- What you should do -
Lines below containing the word "Foto" should be copied out.

- Information given -

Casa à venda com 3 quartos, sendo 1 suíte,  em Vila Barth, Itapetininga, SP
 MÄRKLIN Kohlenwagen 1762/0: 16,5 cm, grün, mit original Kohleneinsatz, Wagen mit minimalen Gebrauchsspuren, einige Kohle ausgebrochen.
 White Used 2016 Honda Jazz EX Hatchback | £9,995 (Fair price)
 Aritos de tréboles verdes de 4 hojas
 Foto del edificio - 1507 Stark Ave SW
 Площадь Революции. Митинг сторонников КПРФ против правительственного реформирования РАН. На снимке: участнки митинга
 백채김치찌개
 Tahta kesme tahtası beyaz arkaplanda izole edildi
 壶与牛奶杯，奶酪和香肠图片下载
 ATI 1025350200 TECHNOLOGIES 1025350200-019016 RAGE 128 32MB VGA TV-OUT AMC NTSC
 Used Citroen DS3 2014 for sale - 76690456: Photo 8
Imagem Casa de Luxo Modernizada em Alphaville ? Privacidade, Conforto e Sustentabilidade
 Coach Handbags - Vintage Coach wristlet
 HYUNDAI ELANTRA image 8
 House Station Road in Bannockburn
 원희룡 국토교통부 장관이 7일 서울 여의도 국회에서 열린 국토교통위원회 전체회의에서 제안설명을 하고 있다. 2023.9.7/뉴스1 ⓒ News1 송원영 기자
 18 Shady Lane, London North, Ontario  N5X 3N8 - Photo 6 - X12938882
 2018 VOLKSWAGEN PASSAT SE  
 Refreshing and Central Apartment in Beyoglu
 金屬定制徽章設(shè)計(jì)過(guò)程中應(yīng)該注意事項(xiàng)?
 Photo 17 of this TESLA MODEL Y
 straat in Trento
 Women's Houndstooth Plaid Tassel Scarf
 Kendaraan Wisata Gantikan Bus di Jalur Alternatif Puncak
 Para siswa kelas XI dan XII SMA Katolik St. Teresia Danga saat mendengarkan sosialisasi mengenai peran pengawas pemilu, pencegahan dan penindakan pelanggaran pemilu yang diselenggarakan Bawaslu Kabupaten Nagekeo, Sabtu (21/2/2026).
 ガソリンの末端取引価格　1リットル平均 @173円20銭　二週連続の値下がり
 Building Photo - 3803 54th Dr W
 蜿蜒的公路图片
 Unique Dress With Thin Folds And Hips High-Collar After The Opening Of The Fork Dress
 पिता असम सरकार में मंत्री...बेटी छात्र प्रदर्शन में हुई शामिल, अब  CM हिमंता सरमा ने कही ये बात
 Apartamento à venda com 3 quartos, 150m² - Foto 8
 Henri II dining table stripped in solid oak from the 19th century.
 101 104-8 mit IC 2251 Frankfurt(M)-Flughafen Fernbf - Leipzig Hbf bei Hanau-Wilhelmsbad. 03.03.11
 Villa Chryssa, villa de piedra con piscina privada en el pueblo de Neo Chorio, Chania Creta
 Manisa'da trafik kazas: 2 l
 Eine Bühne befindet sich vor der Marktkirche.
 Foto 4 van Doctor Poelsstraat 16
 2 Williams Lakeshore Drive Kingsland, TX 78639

- Exercise answer -
 Foto del edificio - 1507 Stark Ave SW
 Apartamento à venda com 3 quartos, 150m² - Foto 8
 Foto 4 van Doctor Poelsstraat 16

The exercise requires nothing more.